Mother appealed, contending the evidence was insufficient to sustain the petition as to her.

The appellate court noted that the record contains evidence that R.M. and S.M. admitted engaging in inappropriate sexual contact with one another. However, it noted that "Nothing in the record, however, supports the conclusion that Mother inadequately supervised her children, for whatever reason, or that Mother should earlier have been aware of their inappropriate sexual conduct. For example, the record does not disclose when the conduct began, how frequently it occurred, or how long it continued. Nor is there any evidence that Mother condoned or facilitated the conduct. On the contrary, the evidence shows that once Mother became aware of the conduct she took steps to prevent it, including admonishing the children not to repeat the behavior, and going so far as locking the door to the bedroom where S.M. and she slept.

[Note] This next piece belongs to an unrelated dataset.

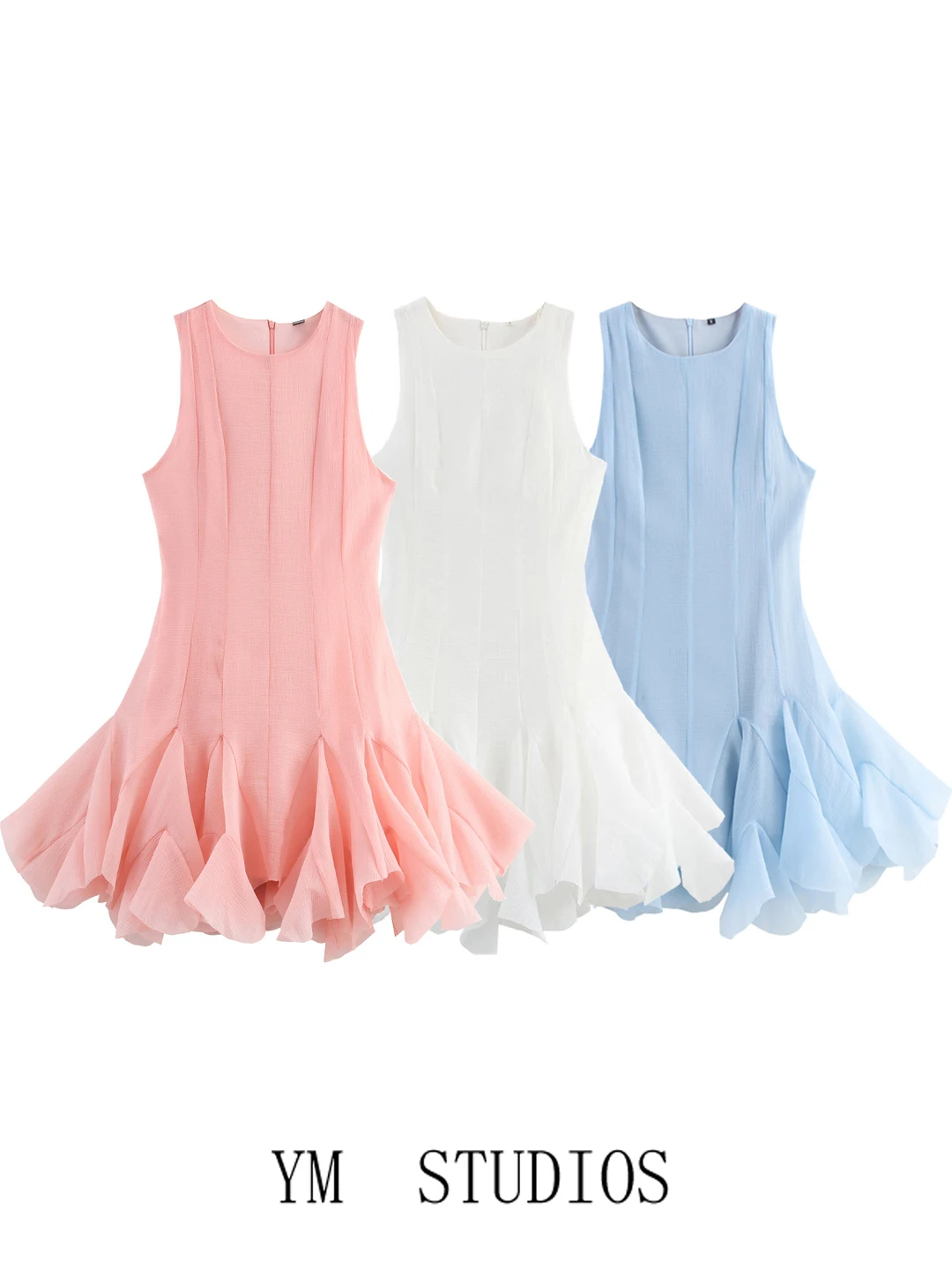 

Sweet Sle Плиссированный подол с круглым вырезом Ne Svel Dr Ледимая юбка принцессы с высокой талией А-силуэта с силуэтом на молнии C...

Furthermore, there is no evidence that any inappropriate sexual conduct continued after Mother admonished the children and began locking the bedroom door."

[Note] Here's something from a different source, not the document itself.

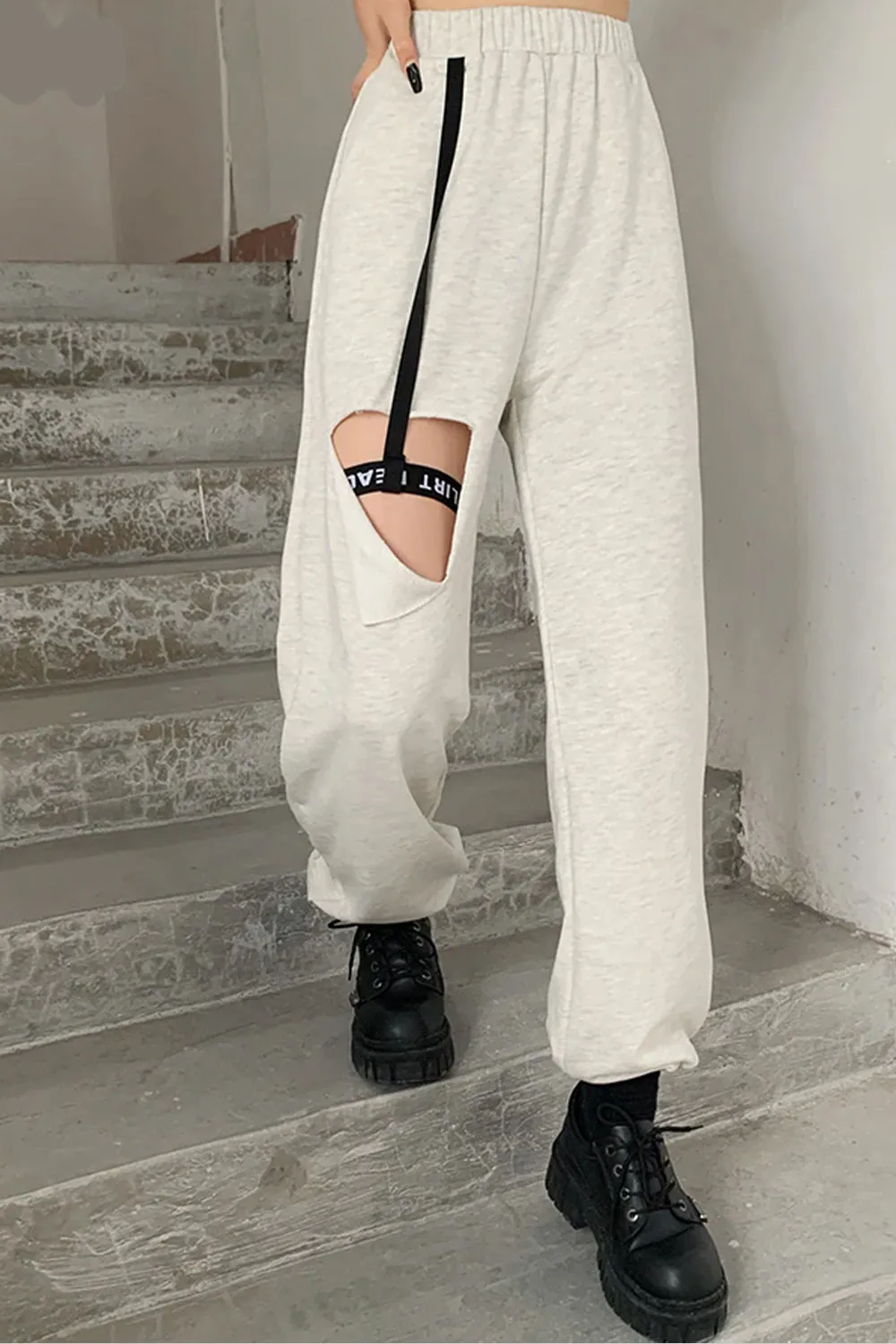 High Waist Cute Hole Solid Cotton Pants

The appellate court explained that, although past behavior may have some probative value, there must be "evidence that the circumstances existing at the time of the hearing make it likely the children will suffer the same type of 'serious physical harm or illness' in the future." (quoting from In re Janet T. (2001) 93 Cal.App.4th 377, 388). The appellate court further noted that "the record contains no evidence that this conduct occurred 'as a result of' Mother's or Father's 'divergent approach to parenting' or Mother's 'physical and emotional problems.'" Nor, in the appellate court's view was there any evidence to support the juvenile court's finding that Mother had any physical or emotional problems that interfered with her parenting.

The appellate court therefore concluded that no credible evidence supported the jurisdictional findings as to Mother. The court thus issued an order reversing those orders and directing the juvenile court "to dismiss the petition and return the children to the custody of their mother forthwith unless new circumstances would justify a new finding of jurisdiction."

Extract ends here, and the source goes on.